(SUPPLIED MATERIAL)
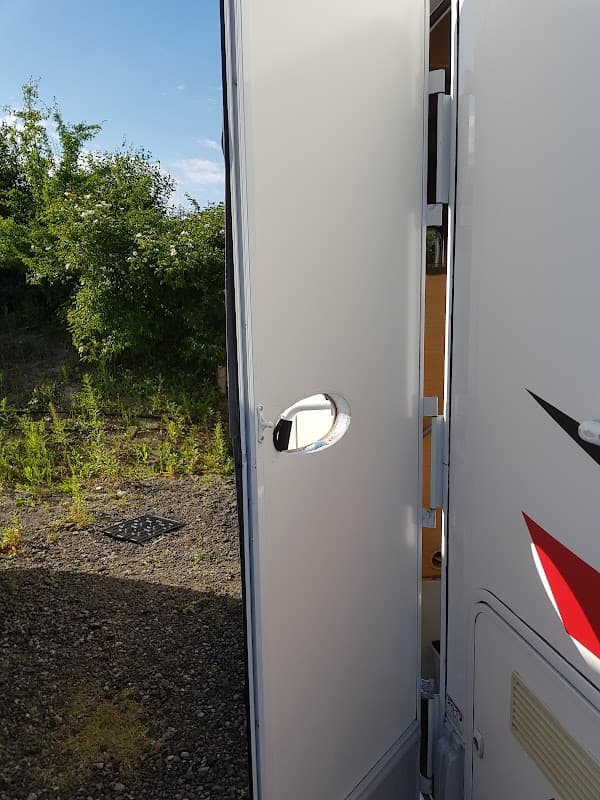Castleford Caravan and Self Storage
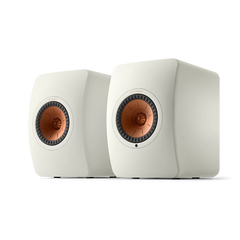 Zwei KEF LS50 Wireless II Aktivlautsprecher im Farbton Mineral White, mit kupferfarbenem zentralem Kegel, nebeneinander vor neutralem Hintergrund-ideal für Streaming-Dienste in jedem Musiksystem.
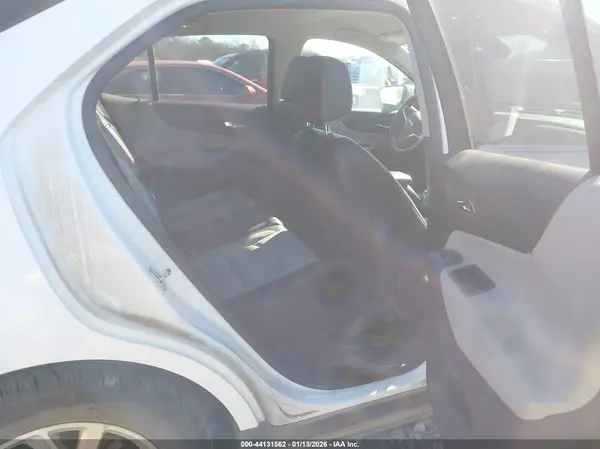 2GNAXMEV0J6265707 2018 CHEVROLET EQUINOX - Image 8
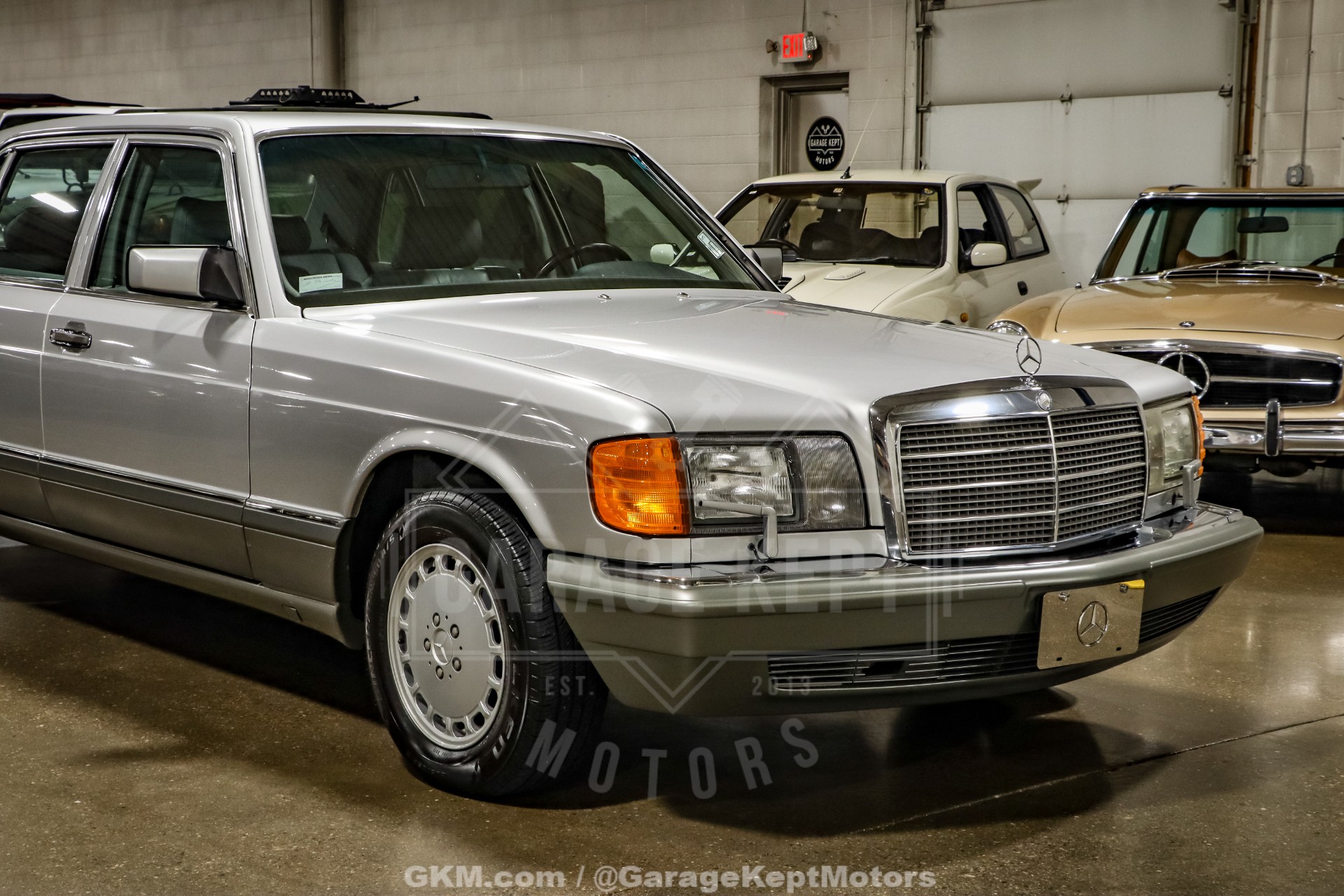 1991 Mercedes-Benz 560-Class 13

(TASK STATEMENT) Repeat the material above exactly. Leave every picture out of it.

(SOLUTION BELOW)
Castleford Caravan and Self Storage
 Zwei KEF LS50 Wireless II Aktivlautsprecher im Farbton Mineral White, mit kupferfarbenem zentralem Kegel, nebeneinander vor neutralem Hintergrund-ideal für Streaming-Dienste in jedem Musiksystem.
 2GNAXMEV0J6265707 2018 CHEVROLET EQUINOX - Image 8
 1991 Mercedes-Benz 560-Class 13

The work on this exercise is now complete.